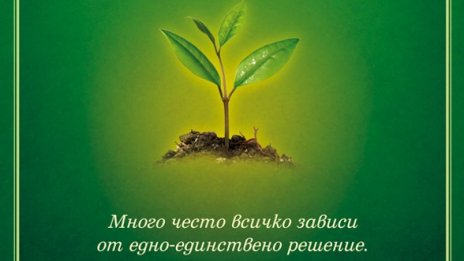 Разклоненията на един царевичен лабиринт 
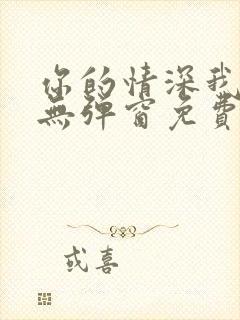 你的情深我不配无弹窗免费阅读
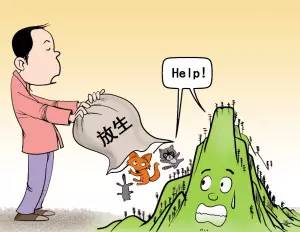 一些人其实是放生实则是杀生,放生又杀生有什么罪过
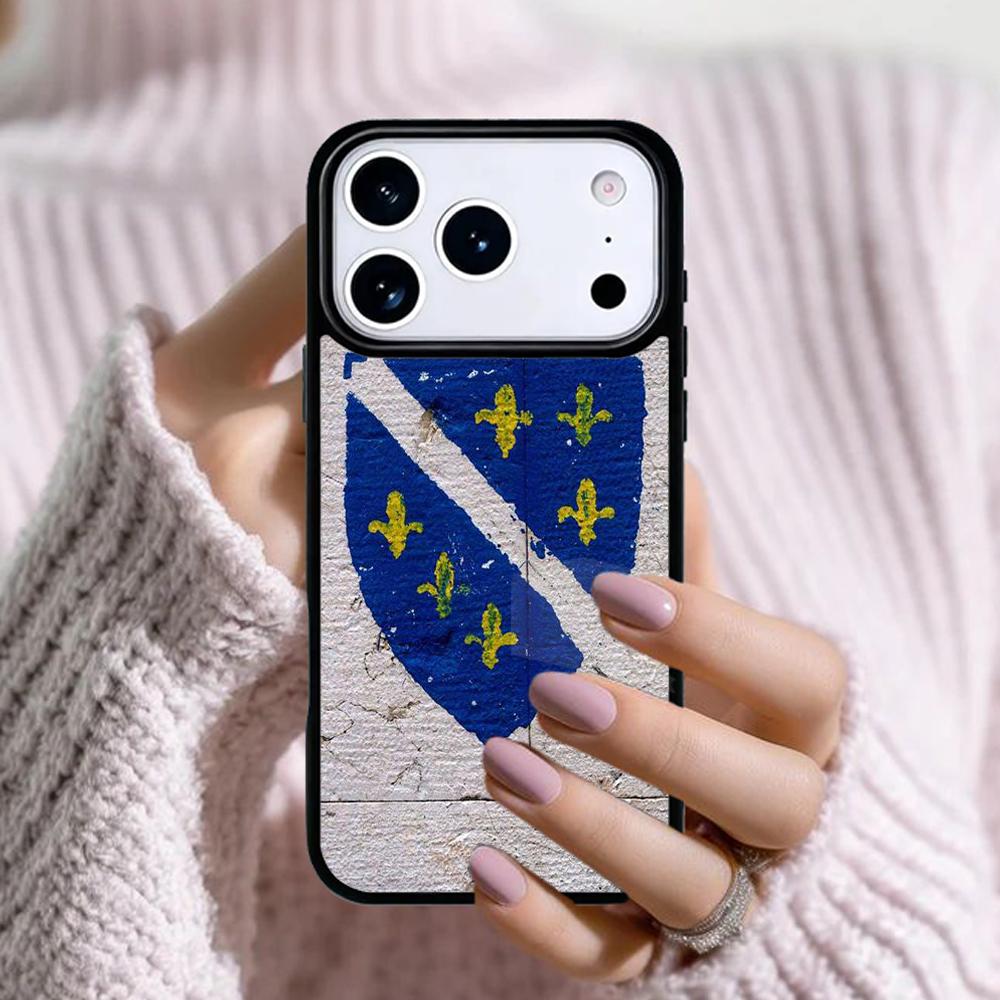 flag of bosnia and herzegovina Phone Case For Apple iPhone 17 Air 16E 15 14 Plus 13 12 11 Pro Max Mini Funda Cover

* What you are asked to do *
Without changing a word, retype the data above and omit its pictures.

* Exercise result *
 Разклоненията на един царевичен лабиринт 
 你的情深我不配无弹窗免费阅读
 一些人其实是放生实则是杀生,放生又杀生有什么罪过
 flag of bosnia and herzegovina Phone Case For Apple iPhone 17 Air 16E 15 14 Plus 13 12 11 Pro Max Mini Funda Cover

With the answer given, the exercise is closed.